ThéâtreEntrevues
Crédit photo : Julie Perreault (Isabelle Brouillette) et Michel-Olivier Girard (Steve Laplante)
Comédie sournoise, coup de cœur instantané
«La force de ce spectacle-là, c’est le fait que Catherine Léger a réussi, par le rire, à faire passer plein de messages; c’est une pièce qui tire dans tous les sens. Un pur bonheur, facile et savoureux, un spectacle avec un réel impact», nous confie Steve Laplante, qui ne tarit pas d’éloges pour l’auteure de Voiture américaine, qu’il compare même à François Archambault. De son côté, le plus grand bonheur d’Isabelle Brouillette, c’est le fait que Baby-sitter a comblé à la fois «hommes, femmes, jeunes comme personnes du troisième âge; c’était unanime. Même les gens plus pointus, plus intellectuels» l’ont adorée, pour la dose de divertissement, certes, mais aussi pour les idées qui brassent la cage, et pour les thèmes abordés où chacun de nous vit des préoccupations et observations à leur égard.
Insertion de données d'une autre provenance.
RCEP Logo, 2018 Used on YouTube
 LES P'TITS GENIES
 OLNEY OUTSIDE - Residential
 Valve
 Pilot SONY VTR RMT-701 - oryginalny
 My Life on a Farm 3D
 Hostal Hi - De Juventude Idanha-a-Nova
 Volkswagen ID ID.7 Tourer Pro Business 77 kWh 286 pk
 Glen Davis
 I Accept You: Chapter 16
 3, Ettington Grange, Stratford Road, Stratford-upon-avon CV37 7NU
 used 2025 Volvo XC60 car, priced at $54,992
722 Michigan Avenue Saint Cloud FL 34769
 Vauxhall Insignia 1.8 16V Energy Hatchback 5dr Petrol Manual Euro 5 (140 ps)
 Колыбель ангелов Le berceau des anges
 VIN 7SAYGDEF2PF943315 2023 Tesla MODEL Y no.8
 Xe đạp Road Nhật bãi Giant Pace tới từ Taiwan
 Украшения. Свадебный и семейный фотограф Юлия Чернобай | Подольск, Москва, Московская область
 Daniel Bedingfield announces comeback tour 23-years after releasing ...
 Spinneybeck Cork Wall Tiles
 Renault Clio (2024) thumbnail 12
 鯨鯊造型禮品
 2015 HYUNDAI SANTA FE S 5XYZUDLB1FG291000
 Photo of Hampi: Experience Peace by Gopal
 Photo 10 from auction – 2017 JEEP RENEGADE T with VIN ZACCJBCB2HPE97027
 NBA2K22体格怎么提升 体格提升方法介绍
Les deux acteurs avouent être tombés sous le charme du texte de Catherine Léger quasi instantanément. Celle qui interprète Nadine, la blonde de Cédric duquel la tension dramatique émane dès le coup de canon lancé, avoue avoir eu un coup de cœur pour l’intelligence des personnages: «J’aime la répartie de Catherine et celle qu’elle donne à ses quatre personnages. Ils sont tous, sans exception, traités avec beaucoup d’amour. Ils ont tous leurs bêtises, ce qui fait qu’ils sont drôles, et tous chacun leurs points de vue.» Steve Laplante, quant à lui, a reçu la flèche de Cupidon à la lecture des dialogues. «Elle a une façon de faire parler ses personnages qui est directe et surprenante. C’est une fille qui punche.»
Blague de viol devenue virale
À l’unanimité, les deux acteurs s’entendent pour dire que la force de Baby-sitter, c’est qu’elle est nuancée; «il n’y a pas de réponse claire, mais elle nous joue dans la tête», complète Steve Laplante, qui nous a récité l’ABC des couleurs en tentant de nous décrire au mieux l’intention derrière l’écriture. Car il faut savoir que les contours de Baby-sitter se sont esquissés après que Catherine Léger ait été témoin d’une réaction en chaîne suite à une blague de viol devenue virale sur internet. Peu de temps après, l’auteure est tombée sur l’article d’un journaliste qui condamnait l’évènement, tout en rappelant, en gros, que les blagues de viol sont graves parce que toutes les femmes vivraient d’emblée avec la peur d’être agressées. Bref, les femmes ont peur. «Vulnérabilisée ou agressée, dans les deux cas c’est de la misogynie», poursuit Isabelle Brouillette, qui voit cet incident et les réactions qui en ont découlé comme un mouvement que l’on pourrait surnommer de «nouveau féminisme».
Celui qui joue le rôle de l’homme indigné et celle qui joue la blonde qui réagit de façon très inattendue à la bourde son copain ont certes hâte de fouler à nouveau les planches du théâtre pour rejouer cette pièce comique qui avait été fort bien accueillie plus tôt cette année. Le texte, bien servi par la mise en scène épurée de Philippe Lambert et le décor minimaliste mais efficace d’Elen Ewing, promet de courtes répliques, rapides et lapidaires, et des dialogues effrénés qui vous laisseront au bout de votre siège. S’il y a bien une chose de certaine, c’est que Baby-sitter vous fera rire et surtout réfléchir sur des sujets d’actualité qui vous touchent de près, que vous le vouliez ou non.
Une parenthèse signée François Papineau
Alors que nous discutions sagement avec Isabelle Brouillette, qui était en voiture pour des vacances reposantes dans les Cantons-de-l’Est, son invité François Papineau, bien assis à l’arrière, s’est permis une légère intrusion dans la conversation, à la mi-parcours, pour laisser entendre son point de vue: «J’ai 50 ans, j’ai été déboussolé et j’ai adoré. Ce spectacle a changé ma vie», a-t-il dit en riant, mais nous on l’a pris au mot et on espère bien que vous serez dans d’aussi bonnes dispositions vous aussi suite à ce spectacle. Bon théâtre!